(Beginning of DATA PROVIDED)

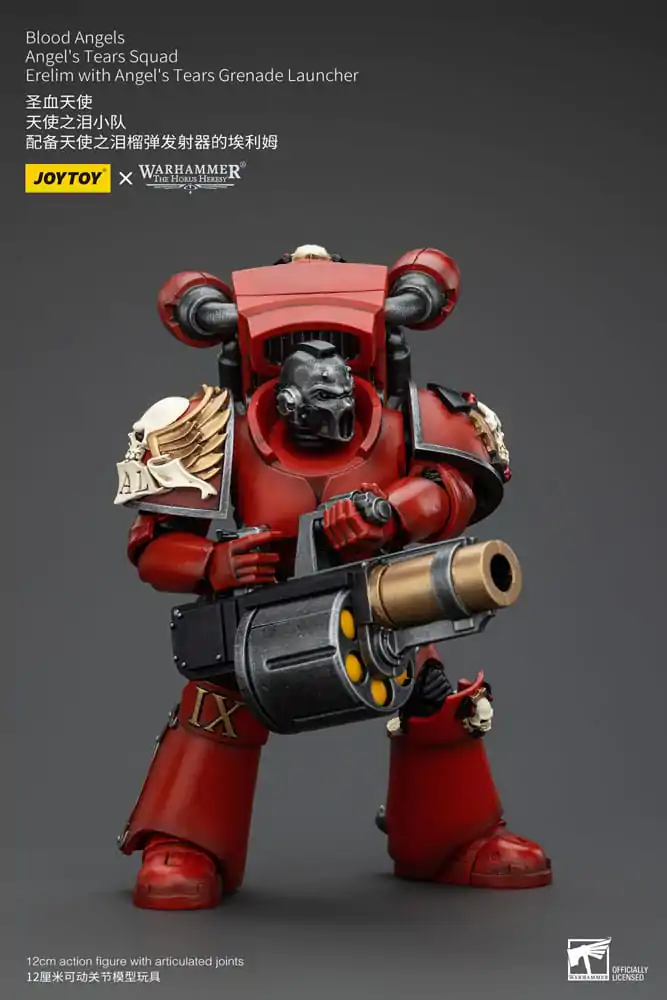 Warhammer The Horus Heresy Actionfigur 1/18 Blood Angels Angel's Tears Squad Erelim with Angel's Tears Grenade Launcher 12 cm termékfotó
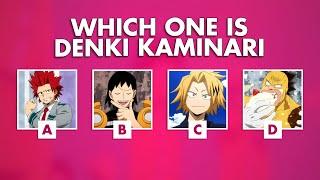 DO YOU KNOW ALL MHA CHARACTER ? - MY HERO ACADEMIA QUIZCHALLENGE BNHAMHA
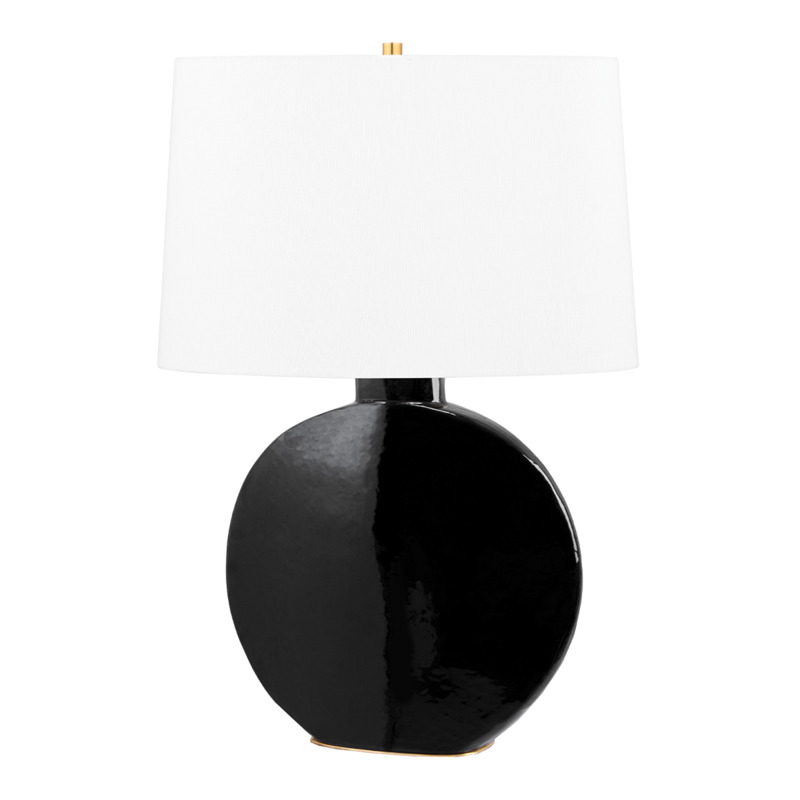 1 LIGHT TABLE LAMP L1840 AGB BK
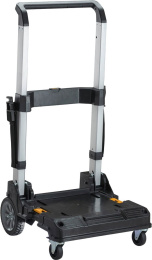 Тележка для инструментов DeWalt DWST1-71196 складная, алюминиевая, с телескопической ручкой, грузоподъемность: 100кг, встроенные складные защелки для фиксации модуля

(End of DATA PROVIDED)

### WHAT THE EXERCISE ASKS
Take the line containing "1 LIGHT TABLE LAMP L1840 AGB BK" as the first line and the last line of the data above as the final one, and output exactly the lines between them, inclusive, with no pictures.

### RESPONSE TO THIS TASK
 1 LIGHT TABLE LAMP L1840 AGB BK
 Тележка для инструментов DeWalt DWST1-71196 складная, алюминиевая, с телескопической ручкой, грузоподъемность: 100кг, встроенные складные защелки для фиксации модуля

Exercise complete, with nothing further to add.